# Data for this task
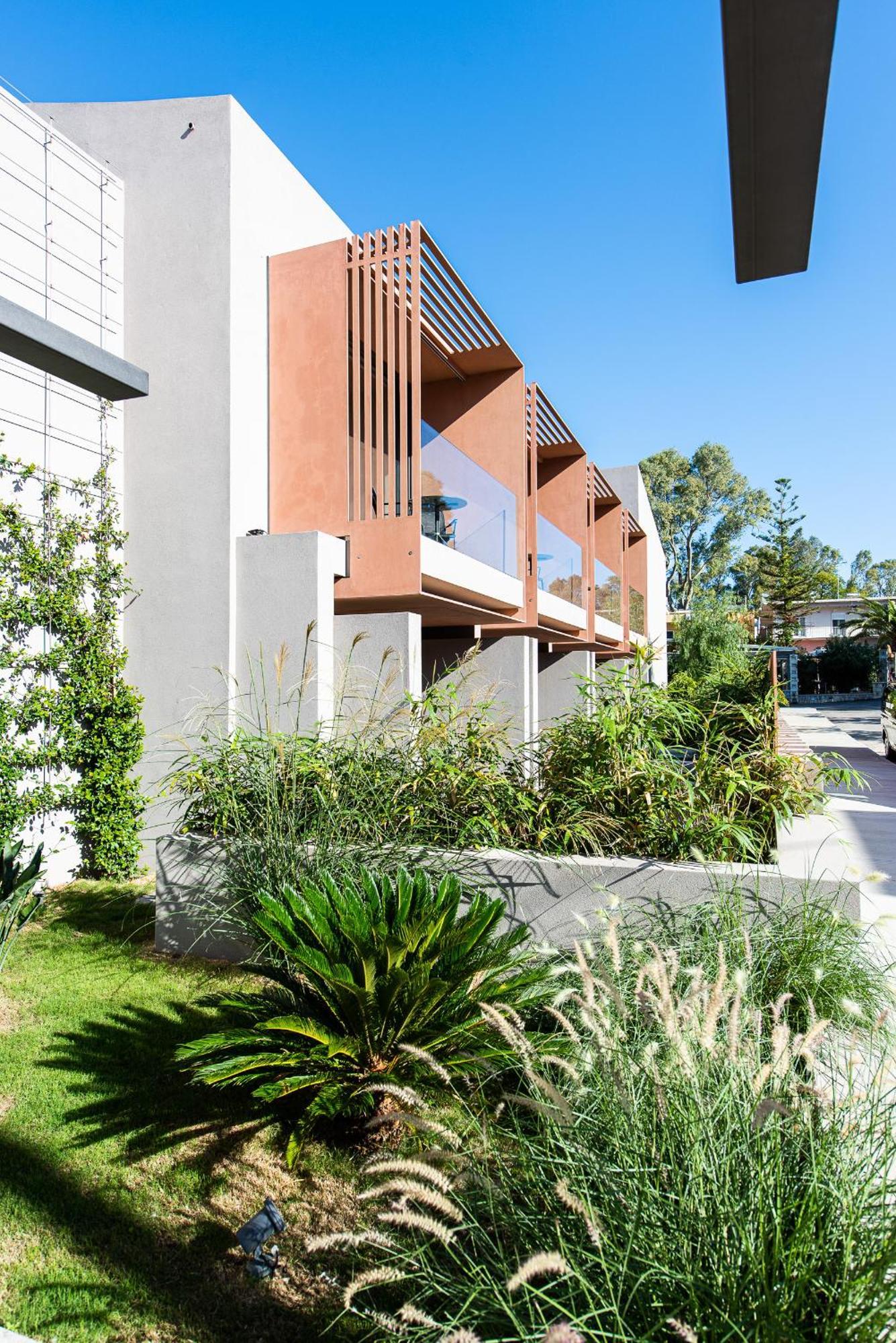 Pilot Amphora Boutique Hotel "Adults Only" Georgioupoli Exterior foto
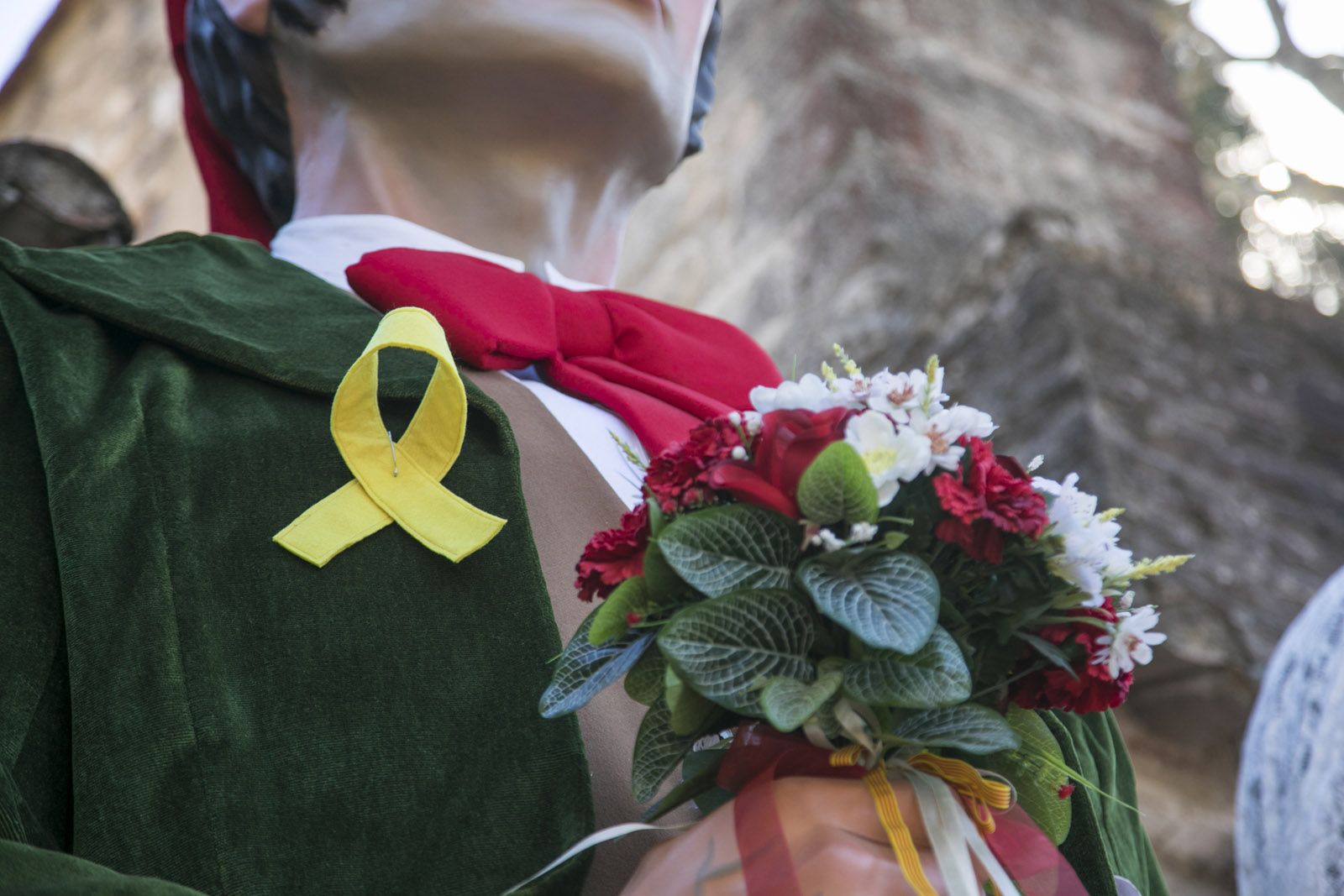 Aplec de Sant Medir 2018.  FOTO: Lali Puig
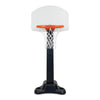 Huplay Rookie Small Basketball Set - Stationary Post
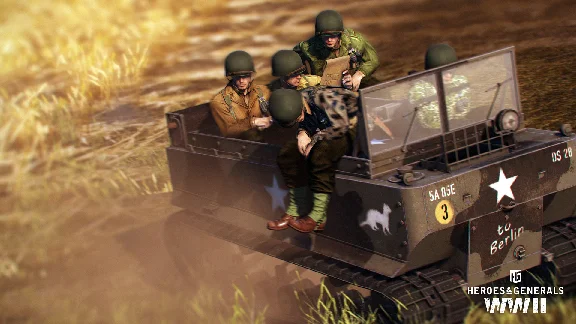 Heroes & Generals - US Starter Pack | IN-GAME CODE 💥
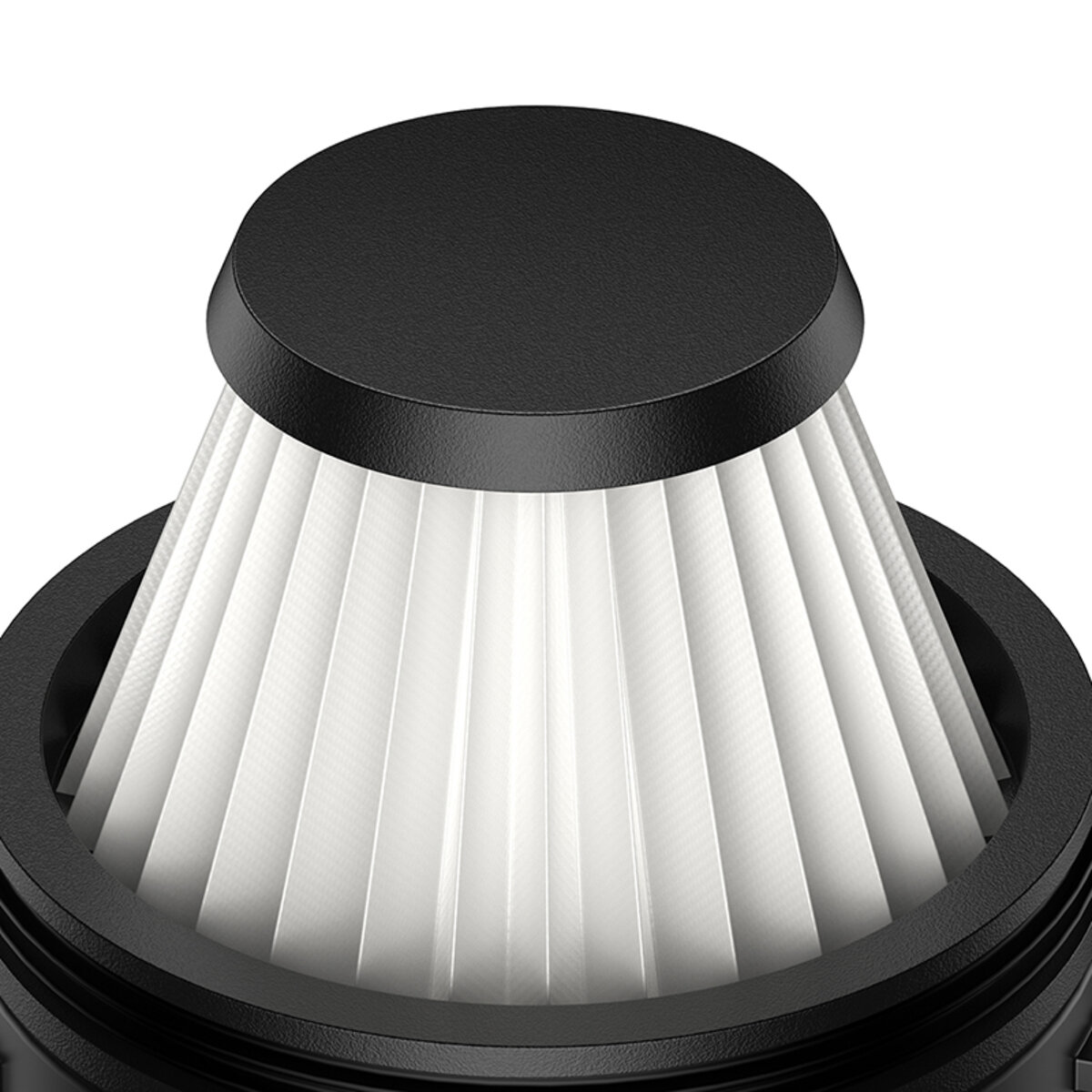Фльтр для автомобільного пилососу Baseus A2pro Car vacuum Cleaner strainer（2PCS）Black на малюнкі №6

==

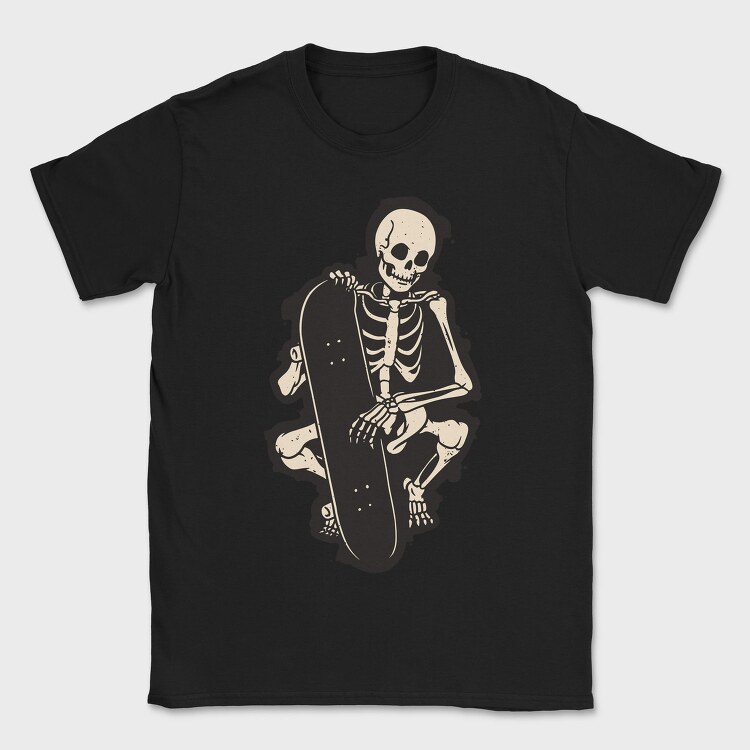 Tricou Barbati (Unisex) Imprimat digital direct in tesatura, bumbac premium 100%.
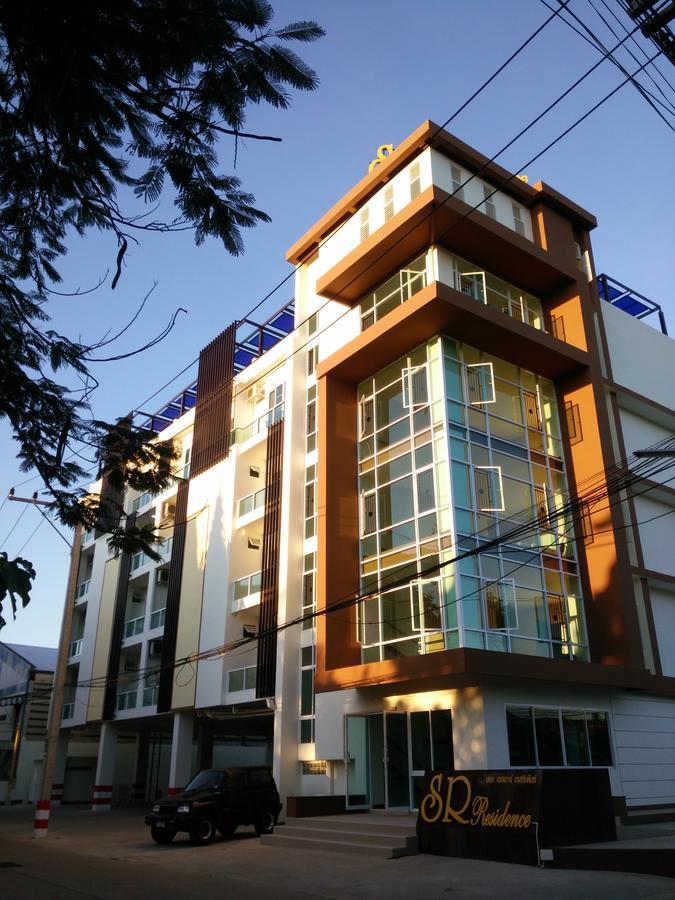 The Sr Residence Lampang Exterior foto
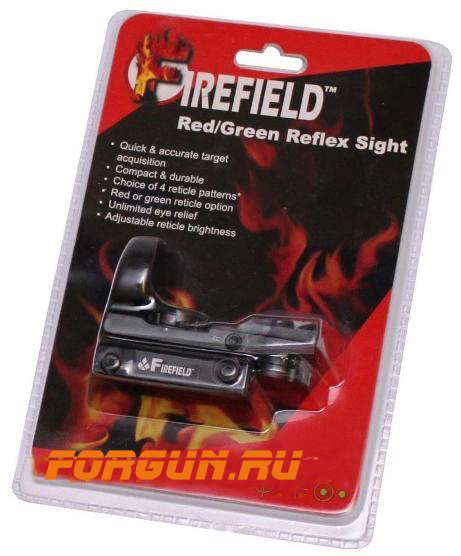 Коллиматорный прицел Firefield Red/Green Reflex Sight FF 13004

# Exercise aim
Please set down, exactly and with no pictures, the lines in the entries above starting at the one holding "The Sr Residence Lampang Exterior foto" and ending at the one holding "Коллиматорный прицел Firefield", ends included.

# Final answer
 The Sr Residence Lampang Exterior foto
 Коллиматорный прицел Firefield Red/Green Reflex Sight FF 13004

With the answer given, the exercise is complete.